▸ **What this task involves**
An exact copy is needed of the lines from the one that contains "Click to view" through the final line of the data below, with pictures left out.

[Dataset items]
------------------------------------

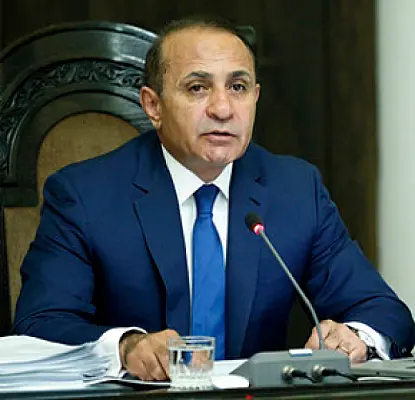 Հովիկ Աբրահամյանին դուր չի եկել, որ ոստիկանությունը հայհոյողին տուգանելով է բավարարվել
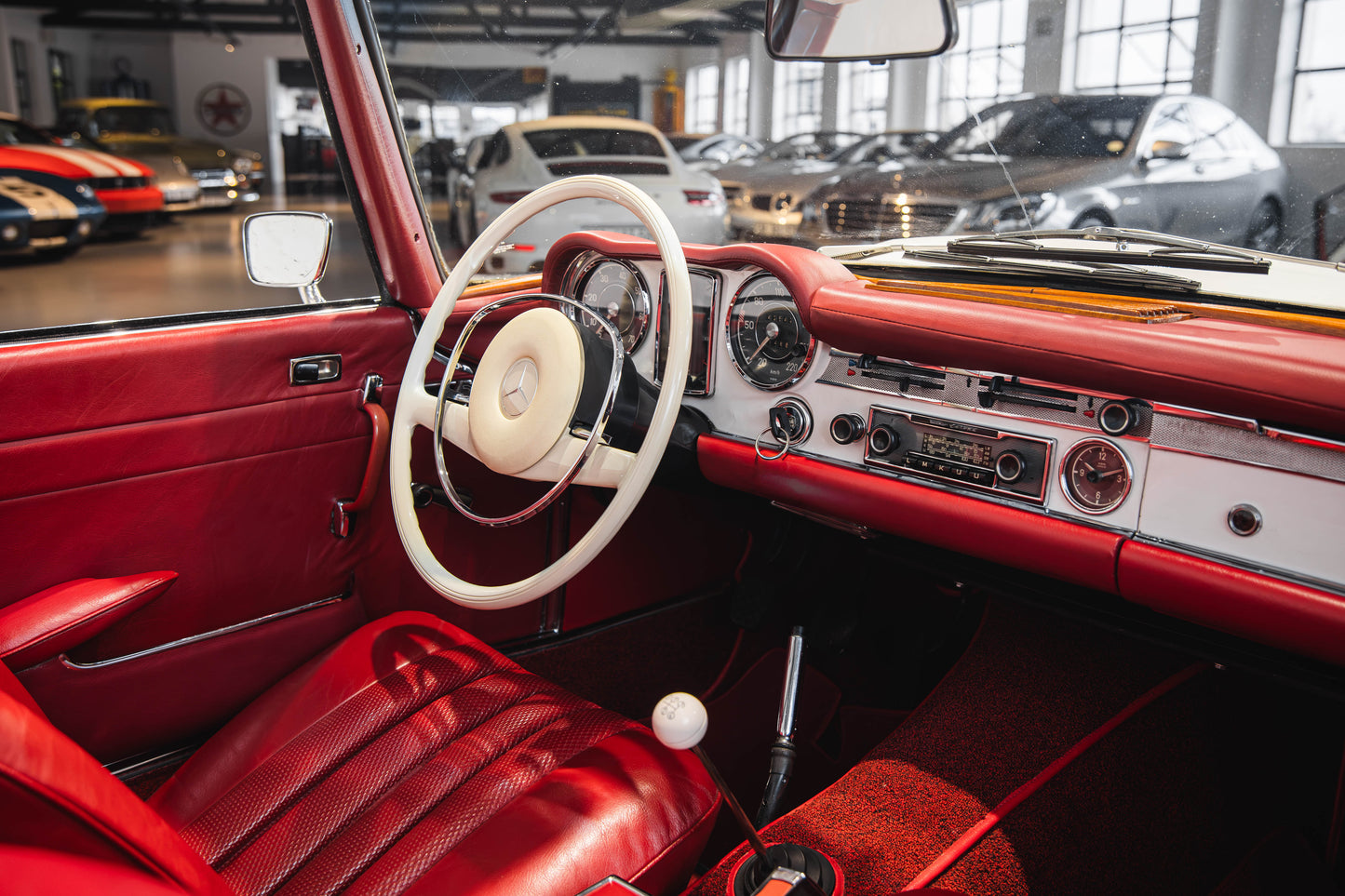 1970 Mercedes Pagoda 280SL - LHD - Manual - 42 542kms showing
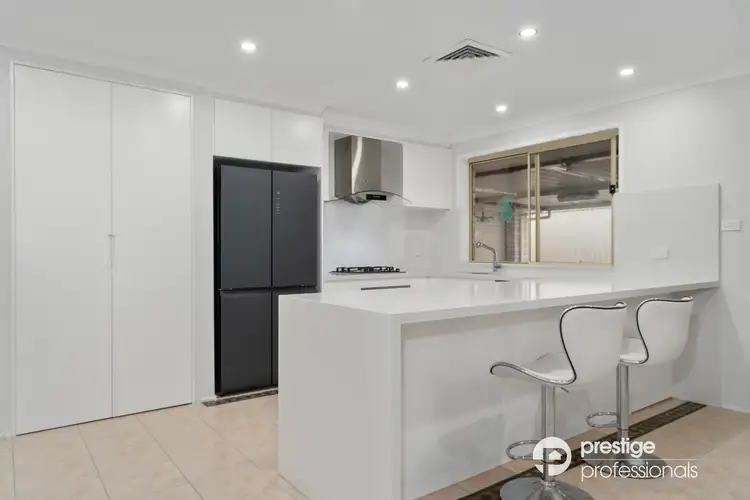 16 Barrington Court, Holsworthy NSW 2173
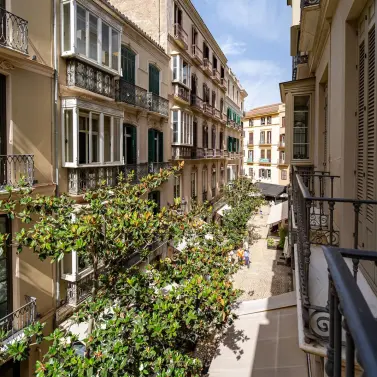 Venta de apartamento en planta media en Málaga Centro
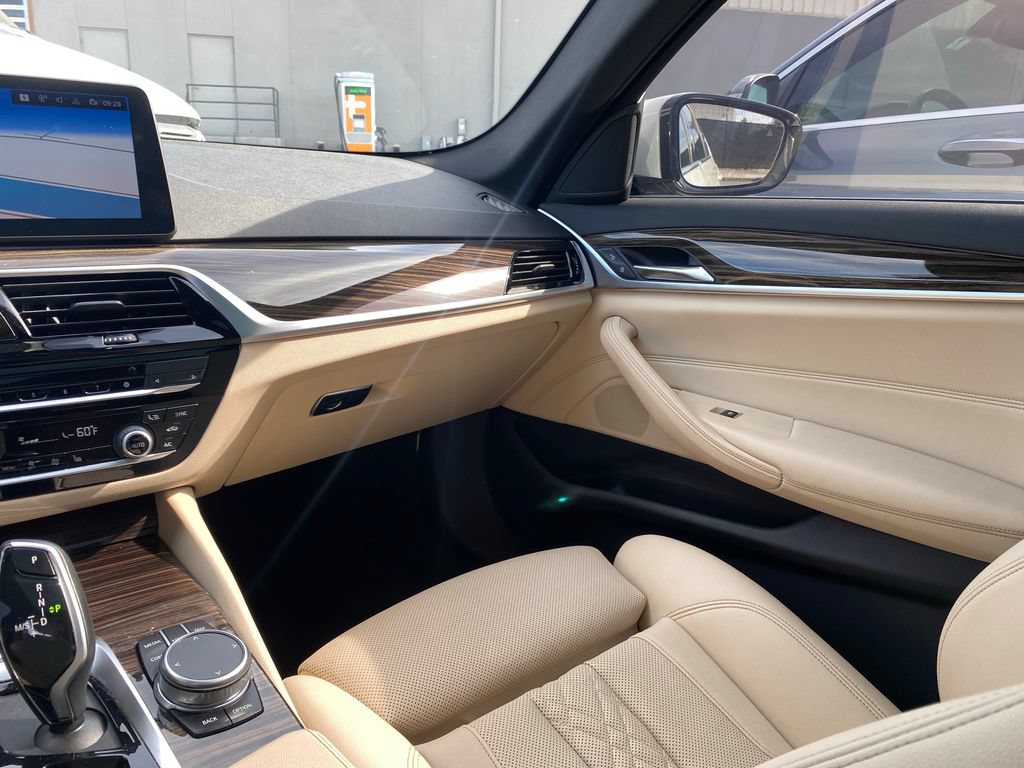 Used 2021 BMW 530e w/ Convenience Package RWD image 4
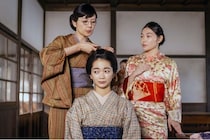 ＜明日の風、薫る＞髪型を洋髪に変えた後にエプロンを作るように言われる生徒たち…生田絵梨花“多江”は教師に不満をぶつける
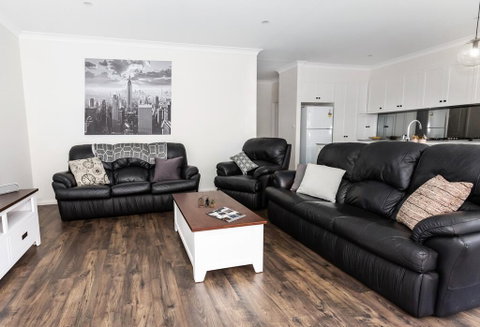 4 Bedroom Inner City Townhouse - SLEEPS 9 !! - Accommodation QLD 0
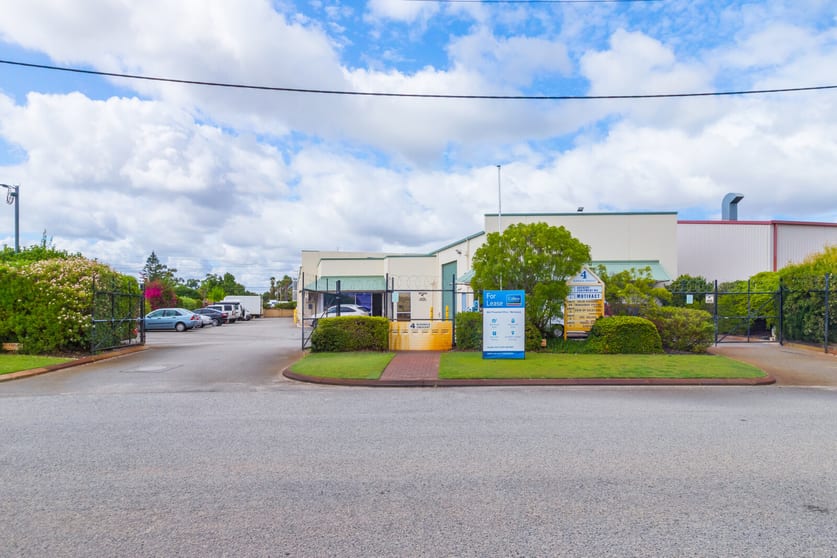 Click to view all images Unit 3/4 McDonald Crescent Bassendean WA 6054 - Image 3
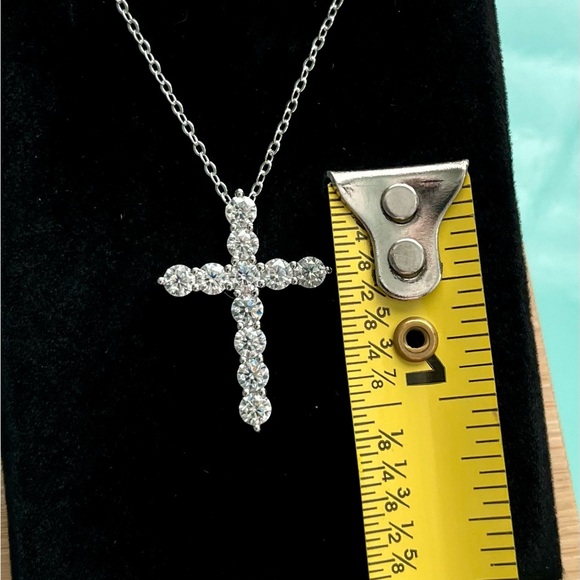 🆕 Cross Moissanite Sterling Pendant and chain 3.5mm .2ctwt - Picture 6 of 7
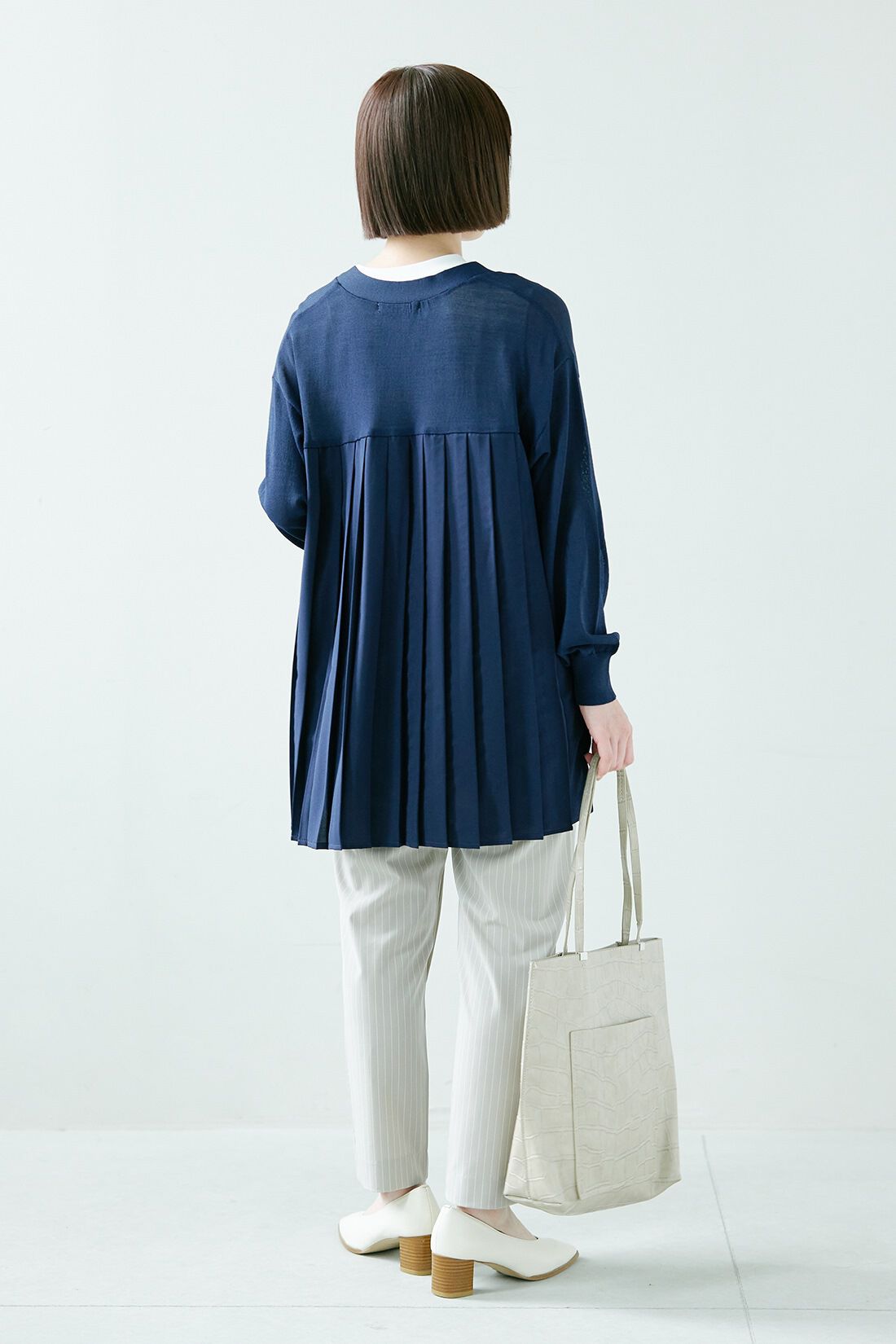 IEDIT|UVカット 接触冷感 撥水加工 エアノビ 涼やか テーパードパンツ〈グレーストライプ〉のコーディネート|【着用サイズ】カーディガン：S　トップス：M　パンツ：SP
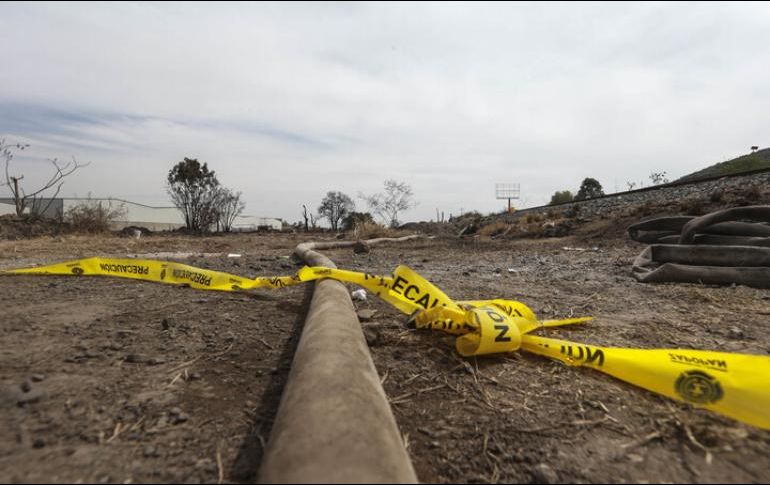 Personal de Pemex se encuentra en labores de control de la fuga y la disección de la línea. EL INFORMADOR / ARCHIVO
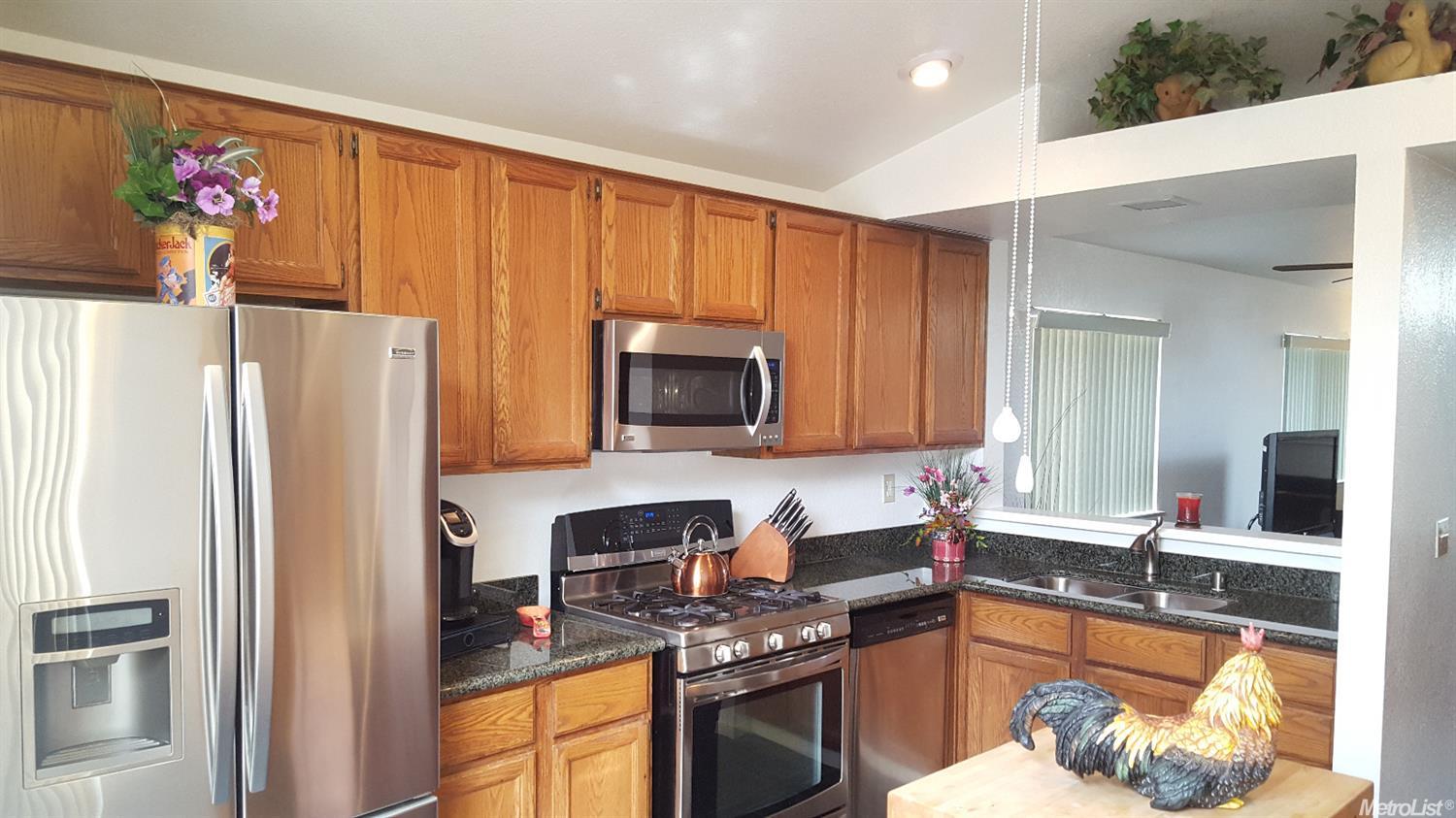 1313 Vintner Ln, Modesto, CA 95358 photo 4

------------------------------------

▸ **Solution to this problem**
 Click to view all images Unit 3/4 McDonald Crescent Bassendean WA 6054 - Image 3
 🆕 Cross Moissanite Sterling Pendant and chain 3.5mm .2ctwt - Picture 6 of 7
 IEDIT|UVカット 接触冷感 撥水加工 エアノビ 涼やか テーパードパンツ〈グレーストライプ〉のコーディネート|【着用サイズ】カーディガン：S　トップス：M　パンツ：SP
 Personal de Pemex se encuentra en labores de control de la fuga y la disección de la línea. EL INFORMADOR / ARCHIVO
 1313 Vintner Ln, Modesto, CA 95358 photo 4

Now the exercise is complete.